Die letzten zwei Jahre liefen wirklich ziemlich gut für mich. Letztes Jahr drei Mal Runner-up in großen Events, in diesem Jahr gewann ich mein Bracelet und zwar zwei Mal Vierter. Junge, ich hoffe wirklich, dass es genauso noch lange weitergeht.

PZ: Wie steht es im Vergleich mit der WPT?

PH: Ich habe die WPT immer gemocht. Die Turniere sind klasse. Aber Spieler wie Daniel Negreanu und Erik Seidel haben mindestens 30 WPTs mehr gespielt als ich. Es ist eine Frage des Timings.

Es ist ein Problem für mich, an die Ostküste zu fliegen, wenn es dabei vielleicht nur um einen Tag geht. Wenn ich z. B. Könige habe und der Amateur hat Buben und trifft einen davon auf dem Borad, bin ich genervt und will zum flughafen, und dann bekomme ich nicht einmal mehr einen Flug bis zum nächsten Tag.

Also fliege ich nicht mehr dorthin, und deshalb habe ich viele WPTs verpasst.

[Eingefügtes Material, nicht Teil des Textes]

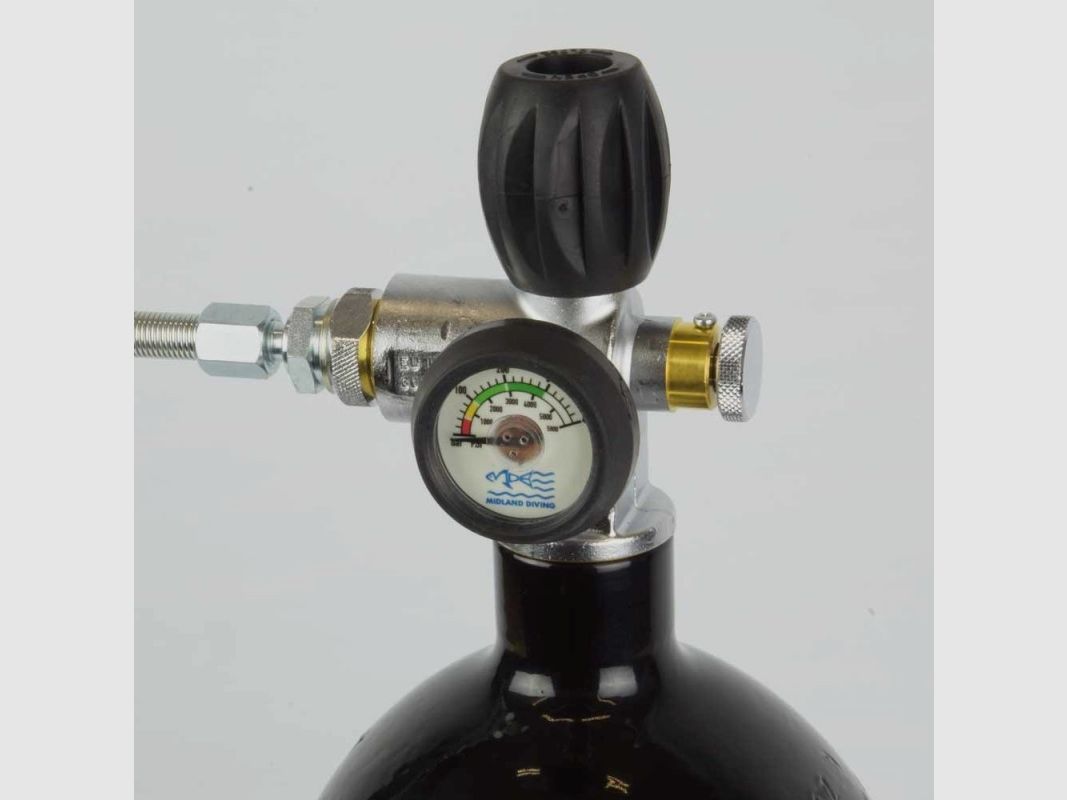 Flasche 7 Liter PCP 300 Bar. Komplettset, Bild 9 von 30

PZ: Die WPT ist in den letzten Jahren gerade in Europa stark gewachsen. Ist das ein Anreiz, um häufiger hierherzukommen?

PH: Die WPT ist für mich auch ein Grund für die Reise. Der andere ist die WSOP Europe. Letztes Jahr war ich vor der WSOPE Zweiter in der Wertung zum Spieler des Jahres (die WSOP-Wertung ist gemeint, Anm. der Red.), und in diesem Jahr liege ich an dritter Stelle.

Ich will die WSOP-Wertung einmal im meinem Leben gewinnen. Eigentlich will ich sie vier oder fünf Mal gewinnen. Die WPT in Malta ist für mich auch Akklimatisierung und Vorbereitung für die WSOPE.

Ich kann mch geistig und körperlich einfach besser darauf einstellen.

PZ: Warum dann nicht die WPT Prais mitnehmen?

PH: Wieder eine Frage des Timings. Die WPT in Paris ist ein toller Event, und ich hätte gerne gespielt, aber dann wäre ich eine weitere Woche von meiner Frau getrennt gewesen, wenn sie nicht mitgekommen wäre. Ich bin nicht gerne drei Wochen lang von meiner Frau getrennt.

PZ: Warum tauchen Sie nie bei der EPT auf?

PH: Die EPTs sind tolle Turniere, aber auch hier geht es um Timing. Ich habe viele Verpflichtungen, auch beim Fernsehern und für wohltätige Zwecke. Ich versuche, acht Monate im Jahr bei meiner Familie zu sein.

Wenn ich für die WSOP und die Premier League hierherkomme, bleibt einfach keine Zeit fpr EPTs.

PZ: Hat das nicht auch mit Sponsoring zu tun? Vielleicht liegt es ja daran, dass Sie nicht mit PokerStars involviert sind?

PH: Ich glaube, die EPT würde gerne für meine Buy-ins und meine Flüge aufkommen. Ich hatte einige großzügige Angebote, die ich leider ablehenen musste.

PZ: Zum Beispiel?

PH: Darüber sollte ich vielleicht nicht sprechen. Fragen Sie mich dazu eine andere Frage. Über China.

PZ: Über Macau?

PH: Vergessen Sie’s.

PZ: Wer sponsert Sie normalerweise, wenn Sie nach Europa kommen. Das Aria?

PH: Nein. Das Aria bezahlt keine meiner Ausgaben für Turniere in Europa.

PZ: Wie steht’s mit dem Triathlon gegen Tony G.?

PH: Das ist einfach eine Spaßaktion. Ich bin quasi im Schwimmbad aufgewachsen, also schätze ich da meine Gewinnchance sehr hoch ein, obwohl ich in den letzten 15 oder 20 Jahren nicht viel geschwommen bin. Aber ich war ständig im Schwimmbecken, bis ich elf war.

Was Basketball angeht, habe ich laut Vanessa Selbst eine 5%-tige Gewinnnchance, weil Tony G. scheinbar überraschend gut ist, was Basketball angeht. Auch wenn er nicht so aussieht.

Und dann wird es auf das Radfahren ankommen. Es wird ein großer Spaß, aber Ich sollte wohl besser gewinnen. Ich bin sehr ehrgeizig und nehme keine Herausforderung an, ohne gewinnen zu wollen.